_DATA:_
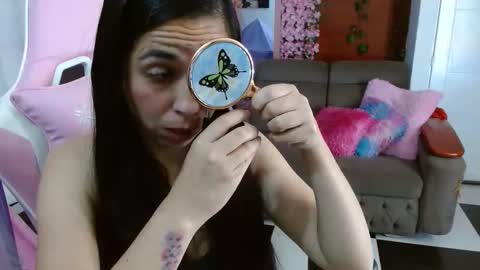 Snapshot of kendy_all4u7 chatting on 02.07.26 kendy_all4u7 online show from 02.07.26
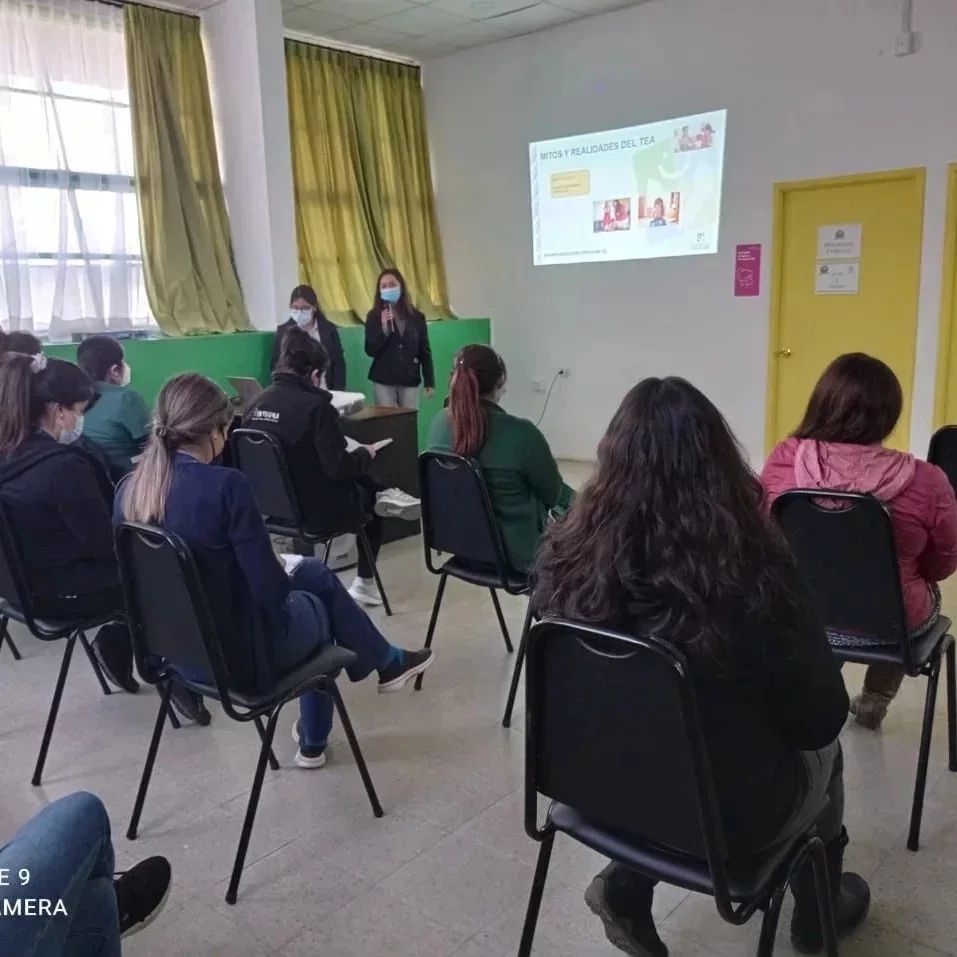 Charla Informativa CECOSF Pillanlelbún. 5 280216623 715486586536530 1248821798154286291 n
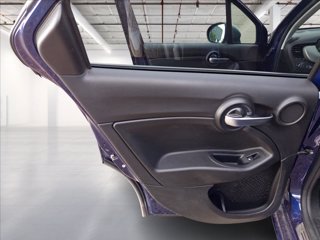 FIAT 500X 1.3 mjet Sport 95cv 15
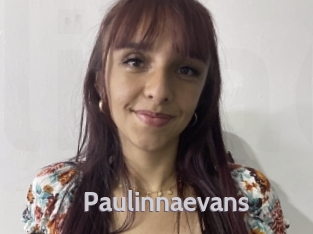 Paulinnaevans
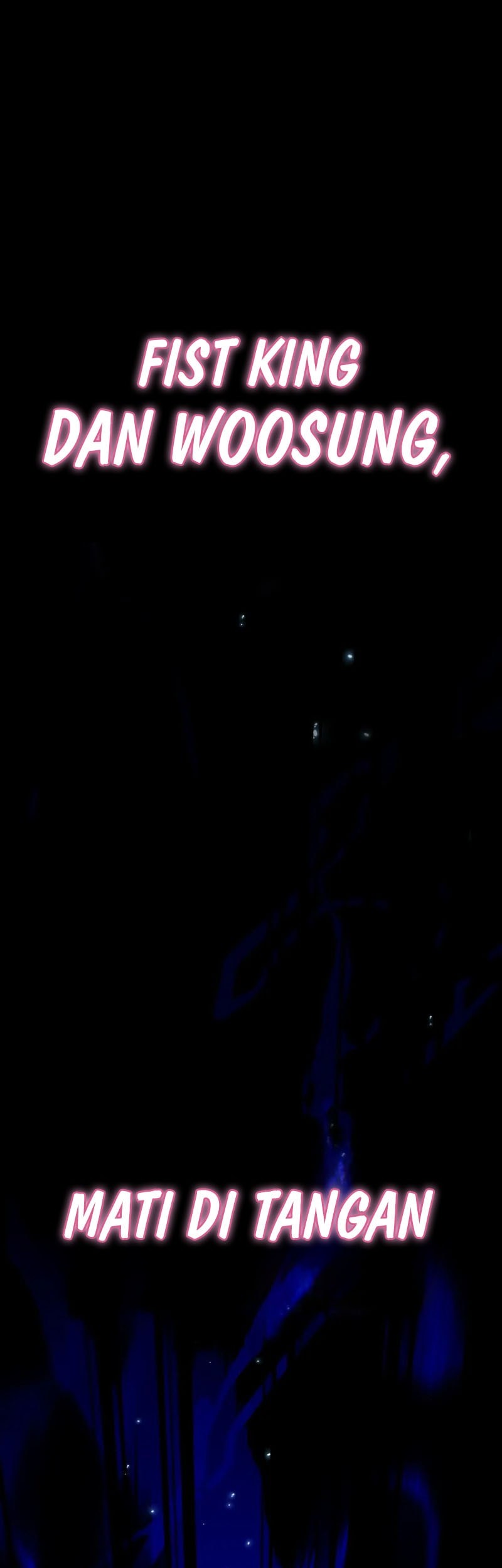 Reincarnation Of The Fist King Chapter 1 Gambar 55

_YOUR OBJECTIVE:_
Would you output the data above exactly as written, but with no images?

_WRITTEN SOLUTION:_
 Snapshot of kendy_all4u7 chatting on 02.07.26 kendy_all4u7 online show from 02.07.26
 Charla Informativa CECOSF Pillanlelbún. 5 280216623 715486586536530 1248821798154286291 n
 FIAT 500X 1.3 mjet Sport 95cv 15
 Paulinnaevans
 Reincarnation Of The Fist King Chapter 1 Gambar 55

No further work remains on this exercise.